Welcome!

Machine Learning Authors: Pat Romanski, Elizabeth White, Yeshim Deniz, Rene Buest, Nate Vickery

Related Topics: Java IoT, Industrial IoT, Adobe Flex, Machine Learning , Recurring Revenue, Apache

Java IoT: Blog Feed Post

Debunking DRAM vs. Flash Controversy vis-a-vis In-Memory Processing

“Minimal” Performance Advantage of DRAM vs SSD

Wikibon produced an interesting material (looks like paid by Aerospike, NoSQL database recently emerged by resurrecting failed CitrusLeaf and acquihiring AlchemyDB, which product, of course, was recommended in the end) that compares NoSQL databases based on storing data in flash-based SSD vs. storing data in DRAM.

There are number of factual problems with that paper and I want to point them out.

Note that Wikibon doesn’t mention GridGain in this study (we are not a NoSQL datastore per-se after all) so I don’t have any bone in this game other than annoyance with biased and factually incorrect writing.

“Minimal” Performance Advantage of DRAM vs SSD
The paper starts with a simple statement “The minimal performance disadvantage of flash, relative to main memory…”. Minimal? I’ve seen number of studies where performance difference between SSDs and DRAM range form 100 to 10,000 times. For example, this University of California, Berkeley study claims that SSD bring almost no advantage to the Facebook Hadoop cluster and DRAM pre-caching is the way forward.

Let me provide even shorter explanation. Assuming we are dealing with Java – SSD devices are visible to Java application as typical block devices, and therefore accessed as such. It means that a typical object read from such device involves the same steps as reading this object from a file: hardware I/O subsystem, OS I/O subsystem, OS buffering, Java I/O subsystem & buffering, Java deserialization and induced GC. And… if you read the same object from DRAM – it involves few bytecode instructions – and that’s it.

Native C/C++ apps (like MongoDB) can take a slightly quicker route with memory mapped files (or various other IPC methods) – but the performance increase will not be significant (for obvious reason of needing to read/swap the entire pages vs. single object access pattern in DRAM).

Yet another recent technical explanation of the disadvantages of SSD storage can be found here (talking about Oracle’s “in-memory” strategy).

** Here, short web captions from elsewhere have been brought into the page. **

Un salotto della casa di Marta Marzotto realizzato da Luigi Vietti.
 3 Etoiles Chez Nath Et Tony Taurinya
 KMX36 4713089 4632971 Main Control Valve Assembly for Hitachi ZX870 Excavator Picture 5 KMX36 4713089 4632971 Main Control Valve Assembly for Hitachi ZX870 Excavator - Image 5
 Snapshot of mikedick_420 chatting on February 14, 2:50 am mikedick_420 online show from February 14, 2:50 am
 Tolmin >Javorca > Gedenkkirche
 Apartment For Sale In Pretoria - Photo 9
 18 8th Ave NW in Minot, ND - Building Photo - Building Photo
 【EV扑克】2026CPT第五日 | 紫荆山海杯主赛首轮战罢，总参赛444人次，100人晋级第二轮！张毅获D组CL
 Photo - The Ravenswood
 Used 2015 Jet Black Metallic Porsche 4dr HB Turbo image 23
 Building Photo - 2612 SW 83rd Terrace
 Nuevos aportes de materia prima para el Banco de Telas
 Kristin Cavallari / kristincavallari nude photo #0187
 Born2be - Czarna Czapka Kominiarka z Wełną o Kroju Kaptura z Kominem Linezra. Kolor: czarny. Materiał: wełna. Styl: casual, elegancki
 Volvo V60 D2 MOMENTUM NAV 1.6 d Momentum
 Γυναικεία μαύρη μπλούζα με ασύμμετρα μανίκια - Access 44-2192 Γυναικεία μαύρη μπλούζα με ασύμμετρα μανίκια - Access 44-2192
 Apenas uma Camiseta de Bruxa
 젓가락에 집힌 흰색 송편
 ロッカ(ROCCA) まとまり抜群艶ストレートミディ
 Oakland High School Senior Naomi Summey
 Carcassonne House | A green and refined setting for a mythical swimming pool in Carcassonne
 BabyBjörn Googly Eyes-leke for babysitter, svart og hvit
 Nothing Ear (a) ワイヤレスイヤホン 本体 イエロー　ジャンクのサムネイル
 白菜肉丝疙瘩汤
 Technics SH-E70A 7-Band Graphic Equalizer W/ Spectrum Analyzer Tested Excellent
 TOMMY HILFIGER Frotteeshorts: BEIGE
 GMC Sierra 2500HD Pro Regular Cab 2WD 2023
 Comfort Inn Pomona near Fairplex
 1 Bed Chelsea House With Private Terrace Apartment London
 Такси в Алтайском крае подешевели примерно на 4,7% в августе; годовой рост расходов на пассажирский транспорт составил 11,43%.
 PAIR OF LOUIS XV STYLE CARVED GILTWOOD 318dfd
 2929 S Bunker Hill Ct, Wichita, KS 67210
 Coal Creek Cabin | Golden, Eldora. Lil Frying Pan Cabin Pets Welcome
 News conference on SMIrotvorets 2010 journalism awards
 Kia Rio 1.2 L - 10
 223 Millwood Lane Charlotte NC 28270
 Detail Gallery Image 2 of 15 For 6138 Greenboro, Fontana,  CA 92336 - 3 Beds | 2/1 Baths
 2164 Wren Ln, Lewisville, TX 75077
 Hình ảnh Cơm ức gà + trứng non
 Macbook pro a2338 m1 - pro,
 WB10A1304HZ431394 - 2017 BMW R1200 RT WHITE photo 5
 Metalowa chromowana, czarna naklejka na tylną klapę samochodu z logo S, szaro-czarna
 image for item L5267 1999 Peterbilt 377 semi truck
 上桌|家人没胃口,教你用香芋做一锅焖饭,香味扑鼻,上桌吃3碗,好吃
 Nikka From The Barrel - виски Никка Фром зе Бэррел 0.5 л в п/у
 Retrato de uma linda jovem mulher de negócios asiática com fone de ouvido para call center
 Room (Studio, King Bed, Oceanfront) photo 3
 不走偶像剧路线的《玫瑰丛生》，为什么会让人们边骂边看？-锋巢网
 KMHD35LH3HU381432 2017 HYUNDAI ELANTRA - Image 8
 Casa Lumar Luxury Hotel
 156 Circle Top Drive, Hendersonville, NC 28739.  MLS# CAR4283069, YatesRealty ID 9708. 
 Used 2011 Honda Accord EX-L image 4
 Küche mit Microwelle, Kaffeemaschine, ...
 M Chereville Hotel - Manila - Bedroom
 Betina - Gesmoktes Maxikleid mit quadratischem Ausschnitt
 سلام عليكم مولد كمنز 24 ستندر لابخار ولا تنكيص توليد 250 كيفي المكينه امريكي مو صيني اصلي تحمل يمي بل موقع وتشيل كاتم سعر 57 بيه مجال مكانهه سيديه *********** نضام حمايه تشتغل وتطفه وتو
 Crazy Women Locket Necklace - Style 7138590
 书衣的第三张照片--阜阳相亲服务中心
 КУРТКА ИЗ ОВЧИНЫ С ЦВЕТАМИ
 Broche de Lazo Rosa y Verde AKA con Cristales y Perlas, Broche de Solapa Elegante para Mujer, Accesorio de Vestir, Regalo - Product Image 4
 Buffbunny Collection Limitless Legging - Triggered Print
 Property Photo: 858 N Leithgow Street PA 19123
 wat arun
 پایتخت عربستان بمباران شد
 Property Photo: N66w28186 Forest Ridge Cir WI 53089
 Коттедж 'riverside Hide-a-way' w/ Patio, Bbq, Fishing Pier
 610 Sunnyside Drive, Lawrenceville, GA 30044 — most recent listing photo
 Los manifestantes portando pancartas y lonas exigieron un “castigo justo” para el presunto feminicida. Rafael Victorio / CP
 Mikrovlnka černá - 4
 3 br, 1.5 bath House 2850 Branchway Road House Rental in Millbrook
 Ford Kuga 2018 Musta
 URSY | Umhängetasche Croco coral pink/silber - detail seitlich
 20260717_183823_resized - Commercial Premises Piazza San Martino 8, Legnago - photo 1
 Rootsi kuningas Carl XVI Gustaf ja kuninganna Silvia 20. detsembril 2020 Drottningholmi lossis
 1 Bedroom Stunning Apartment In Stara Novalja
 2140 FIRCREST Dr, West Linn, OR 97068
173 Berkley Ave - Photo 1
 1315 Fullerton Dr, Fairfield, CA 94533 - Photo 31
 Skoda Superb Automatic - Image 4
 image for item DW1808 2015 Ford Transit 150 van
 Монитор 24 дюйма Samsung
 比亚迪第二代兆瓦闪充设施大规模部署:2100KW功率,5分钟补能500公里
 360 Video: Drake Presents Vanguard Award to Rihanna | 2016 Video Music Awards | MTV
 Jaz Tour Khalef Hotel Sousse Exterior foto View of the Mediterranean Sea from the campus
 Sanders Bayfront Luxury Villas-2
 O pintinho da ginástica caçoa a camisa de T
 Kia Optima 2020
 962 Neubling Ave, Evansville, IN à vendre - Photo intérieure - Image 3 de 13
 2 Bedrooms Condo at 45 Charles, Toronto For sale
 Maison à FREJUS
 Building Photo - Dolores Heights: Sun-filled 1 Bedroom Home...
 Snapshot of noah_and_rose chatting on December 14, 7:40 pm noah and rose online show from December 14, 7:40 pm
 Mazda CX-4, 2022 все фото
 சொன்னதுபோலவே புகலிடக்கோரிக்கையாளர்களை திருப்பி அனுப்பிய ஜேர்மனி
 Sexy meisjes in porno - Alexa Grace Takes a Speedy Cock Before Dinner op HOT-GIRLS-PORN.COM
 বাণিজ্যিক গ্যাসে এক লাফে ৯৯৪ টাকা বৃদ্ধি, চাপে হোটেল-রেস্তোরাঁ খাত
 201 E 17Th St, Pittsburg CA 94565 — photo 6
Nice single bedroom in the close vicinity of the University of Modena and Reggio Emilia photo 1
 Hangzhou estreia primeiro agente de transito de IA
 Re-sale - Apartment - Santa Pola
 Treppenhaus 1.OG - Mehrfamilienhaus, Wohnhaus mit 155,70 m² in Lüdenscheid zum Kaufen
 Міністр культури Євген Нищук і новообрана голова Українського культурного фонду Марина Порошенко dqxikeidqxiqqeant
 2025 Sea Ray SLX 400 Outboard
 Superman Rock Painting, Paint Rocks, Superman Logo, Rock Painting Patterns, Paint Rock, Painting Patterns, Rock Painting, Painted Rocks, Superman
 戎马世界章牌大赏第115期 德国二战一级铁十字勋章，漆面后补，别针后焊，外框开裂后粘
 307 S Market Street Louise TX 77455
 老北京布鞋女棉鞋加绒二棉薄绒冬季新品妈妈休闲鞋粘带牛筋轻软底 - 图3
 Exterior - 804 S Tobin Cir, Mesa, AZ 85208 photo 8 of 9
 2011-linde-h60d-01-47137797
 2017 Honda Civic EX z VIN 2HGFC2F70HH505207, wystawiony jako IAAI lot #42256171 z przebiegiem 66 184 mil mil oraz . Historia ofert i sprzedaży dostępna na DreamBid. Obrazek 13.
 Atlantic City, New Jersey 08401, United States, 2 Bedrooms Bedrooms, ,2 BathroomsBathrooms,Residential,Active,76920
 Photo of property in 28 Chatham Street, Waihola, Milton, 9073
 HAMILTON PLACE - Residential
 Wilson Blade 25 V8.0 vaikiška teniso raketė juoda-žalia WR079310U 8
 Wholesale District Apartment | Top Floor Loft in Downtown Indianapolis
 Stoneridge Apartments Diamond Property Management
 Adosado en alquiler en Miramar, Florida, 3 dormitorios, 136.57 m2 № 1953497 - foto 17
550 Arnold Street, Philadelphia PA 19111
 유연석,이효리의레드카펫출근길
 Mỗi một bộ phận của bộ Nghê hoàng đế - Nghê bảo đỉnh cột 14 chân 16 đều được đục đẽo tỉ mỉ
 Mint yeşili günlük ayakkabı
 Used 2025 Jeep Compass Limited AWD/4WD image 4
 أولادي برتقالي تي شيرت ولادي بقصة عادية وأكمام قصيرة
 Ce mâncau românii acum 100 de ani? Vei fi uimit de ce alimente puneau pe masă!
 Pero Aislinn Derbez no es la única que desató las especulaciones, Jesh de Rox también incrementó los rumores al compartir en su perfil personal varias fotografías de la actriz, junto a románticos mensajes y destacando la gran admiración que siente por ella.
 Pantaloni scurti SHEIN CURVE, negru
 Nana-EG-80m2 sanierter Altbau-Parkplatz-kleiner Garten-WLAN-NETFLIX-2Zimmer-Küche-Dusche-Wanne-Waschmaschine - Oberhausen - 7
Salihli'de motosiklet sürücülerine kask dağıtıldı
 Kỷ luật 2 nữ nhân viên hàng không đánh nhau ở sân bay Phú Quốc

MongoDB, Cassandra, CouchDB DRAM-based?
Amid all the confusion on this topic it’s no wonder the author got it wrong. Neither MongoDB, Cassandra or CouchDB are in-memory systems. They are disk-based systems with support for memory caching. There’s nothing wrong with that and nothing new – every database developed in the last 25 years naturally provides in-memory caching to augment it’s main disk storage.

The fundamental difference here is that in-memory data systems like GridGain, SAP HAHA, GigaSpaces, GemFire, SqlFire, MemSQL, VoltDB, etc. use DRAM (memory) as the main storage medium and use disk for optional durability and overflow. This focus on RAM-based storage allows to completely re-optimized all main algorithms used in these systems.

For example, ACID implementation in GridGain that provides support for full-featured distributed ACID transactions beats every NoSQL database (EC-based) out there in read and even write performance: there are no single key limitations, no consistency trade offs to make, no application-side MVCC, no user-based conflict resolutions or other crutches – it just works the same way as it works in Oracle or DB2 – but faster.

2TB Cluster for $1.2M :)
If there was on piece in the original paper that was completely made up to fit the predefined narrative it was a price comparison. If the author thinks that 2TB RAM cluster costs $1.2M today – I have not one but two Golden Gate bridges to sell just for him…

Let’s see. A typical Dell/HP/IBM/Cisco blade with 256GB of DRAM will cost below $20K if you just buy on the list prices (Cisco seems to offer the best prices starting at around $15K for 256GB blades). That brings the total cost of 2TB cluster well below $200K (with all network and power equipment included and 100s TBs of disk storage).

Is this more expensive that SSD only cluster? Yes, by 2.5-3x times more expensive. But you are getting dramatic performance increase with the right software that more than justifies that price increase.

Conclusion
2-3x times price difference is nonetheless important and it provides our customers a very clear choice. If price is an issue and high performance is not – there are disk-based systems of wide varieties. If high performance and sub-second response on processing TBs of data is required – the hardware will be proportionally more expensive.

However, with 1GB of DRAM costing less than 1 USD and DRAM prices dropping 30% every 18 months – the era of disks (flash or spinning) is clearly coming to its logical end. It’s normal… it’s a progress and we all need to learn how to adapt.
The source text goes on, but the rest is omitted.